Primary LanguagePython

Purpose

Small satellites often have a low hardware budget. Therefore, no resources for commercial radiation-hardened hardware is available, as often found on large satellites. As an alternative, these satellites are based on bulk electronic hardware, and therefore, SEUs (single event upsets) are to be expected in the memory of the system due to the radiation in the space environment. This problem can be solved with FDIR algorithms. These are used on the flight software of the small satellites. These algorithms detect faults caused by SEUs, and try to correct them.

Testing the flight software, and in particular the FDIR (fault detection, isolation and recovery) algorithm, is often an expensive endeavour, since the flight controller needs to be brought to a radiation software, and tested near such a source. Moreover, due to the random nature of radiation, one has little control over where, when and how often SEUs happen in the memory of the system.

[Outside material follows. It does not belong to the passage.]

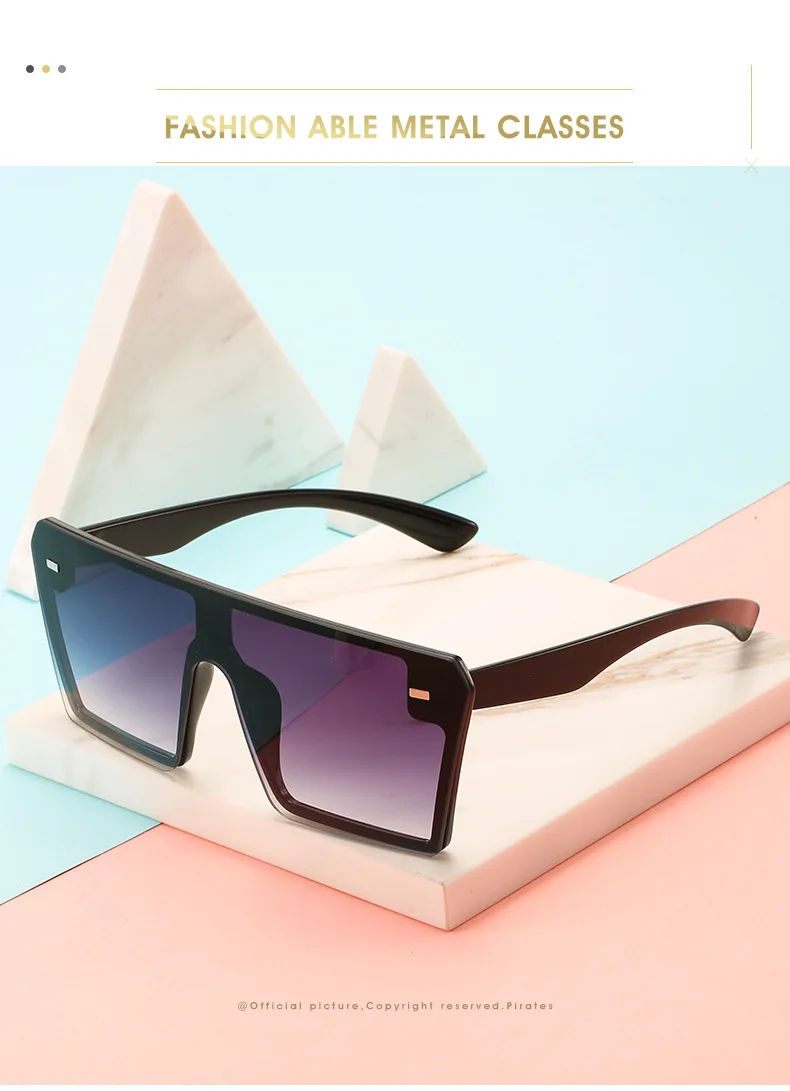 Square Oversized Sunglasses Women Flat Top Gafas Shades For Women Sun glasses okulary New Luxury Sunglasses UV400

This project proposes the design and implementation of an alternative solution to the testing of the Delfi-PQ FDIR software; by forcing controlled changes in the system memory. This is done by simulating single bit mutations in the memory of the microcontroller, called fault injection. Besides reducing the cost of the test, this solution is more controlled, and therefore it maps the memory better. Furthermore, this method is less labour intensive, since one system is capable of controlling and resetting the tests, allowing them to be performed completely automated.

General Concept

The purpose of the software files in this repository is to assess the performance of the FDIR. The software runs on a SimpleLink™ MSP432P401R LaunchPad™ Development Kit next to the flight software. The software will invoke bitflips in the memory, as commanded by the host running the python code. By flipping various bits, and assessing the performance of the controller, before and after, the influence of bitflips on the controller performance is assessed.

Background Information

SEUs

SEUs are so-called single event upsets. They are a type of soft error and are caused by ionising particles hitting the hardware components of a computer. The impact causes the state of the part to change. When this part contains data, it will show a deviating output. Because there is a lot of radiation in the outer space environment, SEUs are common for computers onboard spacecraft.

SEUs location

The targeted location of the SEUs is the SRAM.The entire address space the MSP432 can access runs from 0x0000 0000 to 0xFFFF FFFF. The Code and SRAM zones are only a subset of this. It should be noted that the SRAM region in the SRAM zone (0x2000 0000 - 0x2010 0000) is the same as the SRAM region in the Code zone (0x0100 0000 - 0x0110 0000). It is between these boundaries where the bitflips are generated.

Controller Pins

At the end it was decided that another controller would be used to automatically reset the test controller when a bitflip has caused a fatal error. To do this it was necessary to look into the different functions of the pins. A detailed overview can be found here.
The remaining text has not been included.